How can I become more involved with school life?

Schools want to build good relationships with parents and want parents to be involved in school life by:

  • attending parents’ meetings or consultations
  • joining celebrations, concerts and assemblies
  • volunteering to help in school
  • becoming part of the parent fundraising association.

Although you may lack confidence in speaking English at first, please do not worry. The first step is to accept friendly approaches from other parents and school staff. There may also be school staff who speak your language and can interpret for you.

Try and develop good communication from home to school and from school to home. Talk to your child’s teacher in the playground after school and share your hopes and dreams for your child as well as any worries.

It can be more difficult for parents of older children to stay in contact with teachers. Secondary schools often give pupils a diary to record their homework. There will be space for teachers and parents to write notes to ask questions or raise concerns. Nowadays many schools use email or texts to share information with parents. Ask for the parent password.

If your child is unhappy or is being bullied you need to tell the school so that staff can take action to keep your child safe and happy. (See also Your child’s rights). If you want to share any personal or confidential information with the school and prefer to use your own language, please ask for an official interpreter.

Sometimes you will be too busy to make face-to-face contact with teachers, but you can still find out what is happening in school in other ways.
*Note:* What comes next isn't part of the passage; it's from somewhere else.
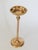 Vintage freestanding brass floor ashtray featuring a slender stem, a central node detail, and a round circular weighted...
School websites are full of information and you can translate pages into your first language with ‘Google Translate’. You will usually find links to other websites that can help your child’s learning such as BBC Bitesize

When you collect your children from school you could look at classroom displays and find out what topics they are doing. There may be a notice board which tells you about after-school clubs for children, for example football, music or language clubs. Sometime there is a before-school breakfast club.

How will the school contact me?

Schools usually communicate with parents by letter, email or text. Please make sure the school has your contact details so that they can find you quickly in an emergency. If you cannot understand the information, ask for a translation or an interpreter. Schools want to find out how to improve access and equality for all parents. If you would like to contribute to the decision-making processes of the school please enquire about becoming a school governor.

Where else can I go to support my child’s education?

The local library is a good place to look for learning in the community. Library membership of the library is free, but you will need to take proof of your name and address on an official document. In the library you will find:

  • books, audio books and DVDs to borrow
  • some books and newspapers in other languages
  • a wide range of children’s books
  • computers with internet access
  • newspapers and magazines to read
  • information about supplementary schools, community groups and places of worship
  • information about adult learning classes e.g. ESOL (English for speakers of other languages).

Some libraries offer free storytelling sessions for young children and reading groups or homework clubs for older ones. The library should able to give you.

Other places for learning

For people who live in cities, national museums and art galleries offer exhibitions and events for all ages. Most towns also have a local history museum. You will also find leisure centres with sports facilities and swimming pools. Swimming lessons are available for children, young people and adults. Local parks usually have children’s playgrounds and some have tennis courts, football pitches and other sports facilities. Most of these facilities are free and by joining in some of the activities you and your children will meet other people, make friends and learn English quickly.

Young children

If you have young children, visit the local Children’s Centre where you can access early learning and childcare and find out about health services for children and young babies. All children are entitled to some free nursery education after age three.